OK! Let's get concrete about what you will measure, though: is it the number of BRAMs? Or some latency number? I'm just not sure what the quantity is that you'll optimize for—and picking this will inform how the project goes.

We thinks, Rosetta has limited use of banked memories, so we are thinking of starting with some hang-written microbenchmarks first, and then see how it goes.

Got it; sounds good. I guess the big thing to answer here is how much the actual application "logic" is relevant to the compiler at hand. You could, for example, not target proper applications at all: just specifications of the memory interface. That is, a "benchmark" could be a specification like this:

…or something like that. Then you'd just be compiling the memory itself, divorced from the application that consumes it. Or you could profile applications that use these memories to see if they go faster or slower.

Anyway, nailing down exactly what the benchmarks will look like would be a good first step!

andrewb1999 commented 2 years ago

OK! Let's get concrete about what you will measure, though: is it the number of BRAMs? Or some latency number? I'm just not sure what the quantity is that you'll optimize for—and picking this will inform how the project goes.
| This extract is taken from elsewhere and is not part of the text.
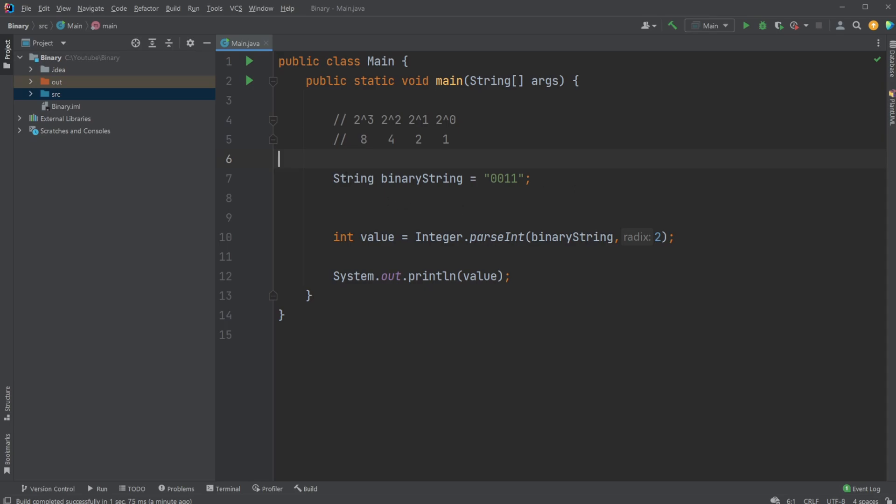So let's say we have this string, binary string, which is equal to 0011 as a string value. We then create an integer and set it equal to integer.parseInt, then give it our binary string, which is the string value of our binary number.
Some combination of BRAM, UltraRAM, and LUTRAM usage is likely what we will measure. As the goal of this system (at least initially) is more to increase productivity, it's unlikely we will be able to beat the area results of hand optimized HLS or RTL. However, being able to match the number of RAMs generated by an equivalent HLS design would probably be a good initial goal.

There are potential optimizations that could reduce the RAM usage compared to HLS, such as packing multiple small banks into one BRAM/UltraRAM or using double pumping to meet the port requirements with fewer RAMs, but these are the kinds of research topics we want to be able to investigate with this compilation flow in the future, not necessarily something in the scope of this project itself.

Got it; sounds good. I guess the big thing to answer here is how much the actual application "logic" is relevant to the compiler at hand. You could, for example, not target proper applications at all: just specifications of the memory interface.

I think separating out the memory from the compute as much as possible would be the goal for this project. Actually using these memories in the CIRCT-HLS flow will require additional work and probably isn't in scope for the project. I think our benchmarks would be something like the interface specification you suggested. We could then write some HLS code by hand to meet these specifications as a comparison baseline. If we are able to meet the memory area of the hand written HLS code in a number of cases, that should be enough to demonstrate that the flow works.

sampsyo commented 2 years ago

OK! One thing to worry about a bit here is that, in my experience, controlling an HLS tool to do anything specific with memories can be pretty tricky. Vivado HLS will often ignore your requests (in the form of pragmas, etc.) and do what it thinks is best. So it might be a good idea to get started now crafting the HLS code for a few example memory setups so you're not surprised later by not having a baseline.

andrewb1999 commented 2 years ago

Yeah I definitely know the frustrations of memory in Vivado HLS. My hope is that our initial benchmarks will be simple enough (straight array partitioning or 2 banks with arbitration) to not be that difficult to write in Vivado HLS. Getting started on writing that HLS code is a good idea though.